Possible declarations are:
Scripts may be documented by adding one or more lines starting with ! first in the decl
block.
A parameter declaration includes the name and the type of a script parameter and an optional default value. It can also be followed by one or more lines of documentation, each starting with !.
param name : type [ = default-value] ! documentation line
Example:
param ram_size : int = 8 ! Size of RAM in MiB
This means that the variable $ram_size will be set when the script is executed, that it must be an integer, and that it will be 8 if not specified in any other way. If there is no default value, then the parameter must be specified when the script is started; otherwise it is optional.
A script with a declaration block will only see the variables that have been declared as parameters. Other variables are hidden during the script's execution and will re-appear when the script terminates.
Several parameter declarations may be collected together by declaring a group. All parameters after a group declaration will belong to it, until a new group is declared.
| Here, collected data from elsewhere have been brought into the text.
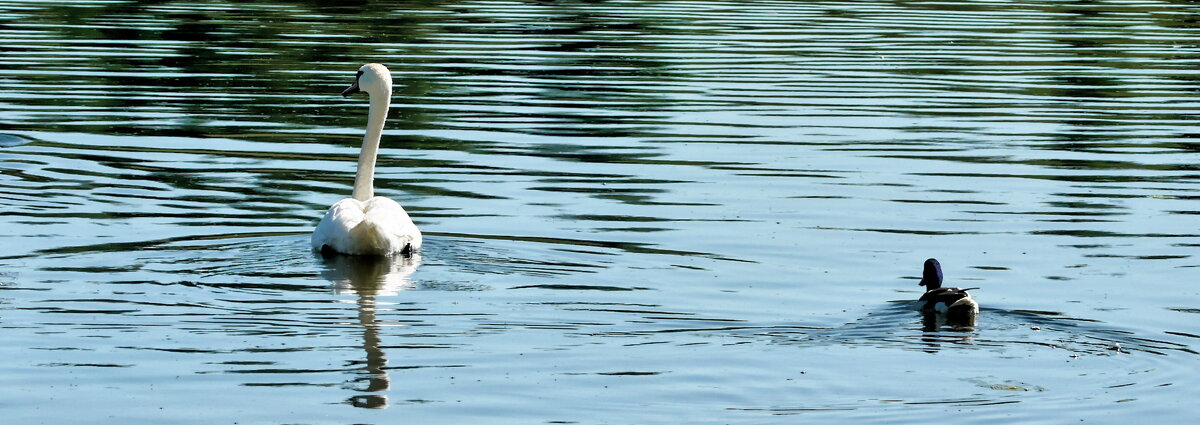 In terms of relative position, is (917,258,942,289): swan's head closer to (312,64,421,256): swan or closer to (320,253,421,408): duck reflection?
(320,253,421,408): duck reflection

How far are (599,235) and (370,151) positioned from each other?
205cm

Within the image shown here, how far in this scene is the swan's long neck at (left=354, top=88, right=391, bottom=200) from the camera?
15.5 m

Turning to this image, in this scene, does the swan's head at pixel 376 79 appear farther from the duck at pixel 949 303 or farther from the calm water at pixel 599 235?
the duck at pixel 949 303

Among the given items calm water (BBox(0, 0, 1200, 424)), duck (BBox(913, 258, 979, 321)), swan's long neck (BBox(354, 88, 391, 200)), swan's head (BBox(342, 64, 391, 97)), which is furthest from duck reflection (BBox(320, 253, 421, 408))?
duck (BBox(913, 258, 979, 321))

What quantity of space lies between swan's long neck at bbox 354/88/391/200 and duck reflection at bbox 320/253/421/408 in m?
1.53

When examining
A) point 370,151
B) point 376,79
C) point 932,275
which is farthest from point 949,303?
point 376,79

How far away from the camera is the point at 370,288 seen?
12820 millimetres

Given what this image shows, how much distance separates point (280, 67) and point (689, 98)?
6496 mm

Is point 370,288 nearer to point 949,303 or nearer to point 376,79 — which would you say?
point 949,303

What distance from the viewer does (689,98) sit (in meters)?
25.4

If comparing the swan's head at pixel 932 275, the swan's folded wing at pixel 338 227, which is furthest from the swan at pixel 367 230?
the swan's head at pixel 932 275

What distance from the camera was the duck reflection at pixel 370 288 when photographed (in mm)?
10016

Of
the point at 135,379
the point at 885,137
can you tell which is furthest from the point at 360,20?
the point at 135,379

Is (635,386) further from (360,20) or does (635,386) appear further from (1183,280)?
(360,20) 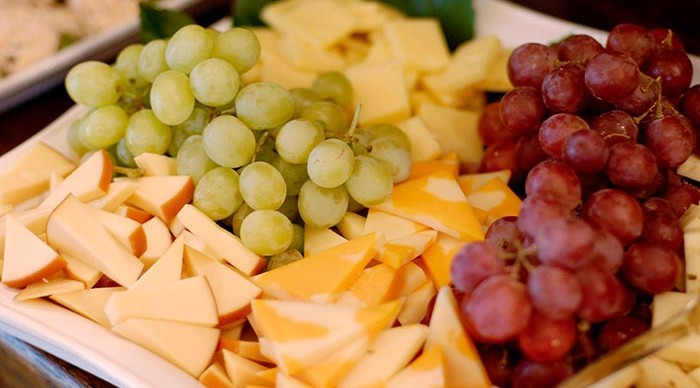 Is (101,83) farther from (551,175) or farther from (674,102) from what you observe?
(674,102)

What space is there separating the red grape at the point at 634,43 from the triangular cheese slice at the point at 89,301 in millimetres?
666

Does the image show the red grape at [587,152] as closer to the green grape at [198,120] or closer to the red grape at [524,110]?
the red grape at [524,110]

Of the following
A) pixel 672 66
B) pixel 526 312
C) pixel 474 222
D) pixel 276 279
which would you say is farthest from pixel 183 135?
pixel 672 66

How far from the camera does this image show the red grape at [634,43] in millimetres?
832

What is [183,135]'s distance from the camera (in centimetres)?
89

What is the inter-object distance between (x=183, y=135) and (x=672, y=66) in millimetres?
626

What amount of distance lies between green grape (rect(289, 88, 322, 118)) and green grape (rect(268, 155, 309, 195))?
114 millimetres

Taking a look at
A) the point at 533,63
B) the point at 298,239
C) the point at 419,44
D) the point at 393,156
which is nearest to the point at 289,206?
the point at 298,239

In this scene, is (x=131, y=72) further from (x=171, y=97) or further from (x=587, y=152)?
(x=587, y=152)

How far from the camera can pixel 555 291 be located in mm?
561

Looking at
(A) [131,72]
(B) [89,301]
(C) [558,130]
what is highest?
(C) [558,130]

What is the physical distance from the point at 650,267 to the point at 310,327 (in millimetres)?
326

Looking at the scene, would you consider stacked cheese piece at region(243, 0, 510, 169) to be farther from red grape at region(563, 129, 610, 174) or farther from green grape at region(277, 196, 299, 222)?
red grape at region(563, 129, 610, 174)

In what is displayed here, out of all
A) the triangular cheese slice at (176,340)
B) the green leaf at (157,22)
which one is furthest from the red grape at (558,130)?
the green leaf at (157,22) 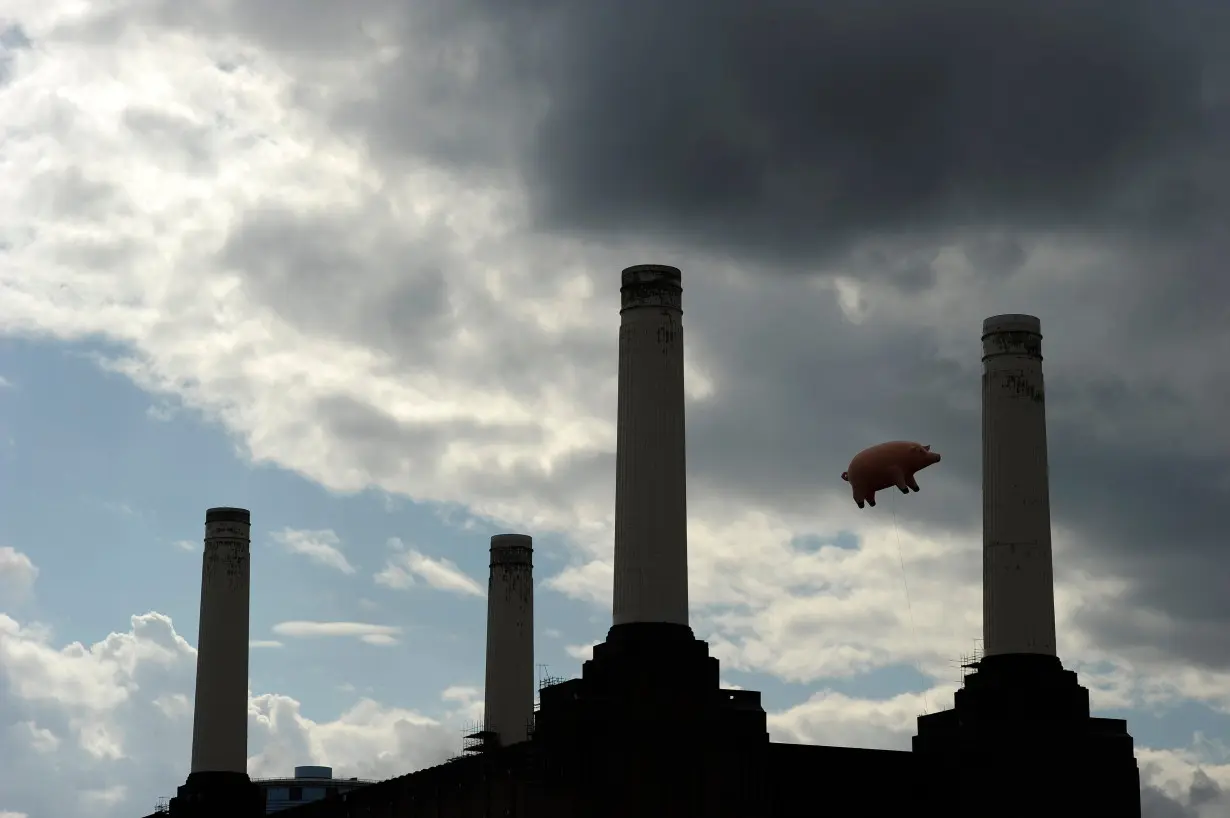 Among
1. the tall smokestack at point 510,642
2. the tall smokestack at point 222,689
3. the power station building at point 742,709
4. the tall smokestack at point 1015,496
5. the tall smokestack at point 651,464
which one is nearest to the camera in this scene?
the power station building at point 742,709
Example:
group "Disks"
Script parameters may be imported from another script, typically one included in the command section using run-command-file
. Example:
params from "qsp-system.include" except mac_address, system default num_cpus = 8
The except statement is used to skip the import of some named parameters, while default provides a way to assign a default value to a parameter in the imported script.
A script can return variables that it has set by declaring results in the following way:
result param : type
Example:
result mac_address : string
It means that the script must set $mac_address before terminating, that it must be a string value, and that this variable is available to the caller. All other variables assigned to by the script are lost. The same name can be used for both a parameter and a result.
The automatically generated script trampolines in project directories use a single substitute line in the decl
block to inherit all parameters and return values from another script. This keyword is not supposed to be used in user written scripts.
Whitespace (spaces, tabs, line breaks) are in general not significant in script declaration blocks unless specifically noted. Comments are allowed, starting with # and running to the end of the line.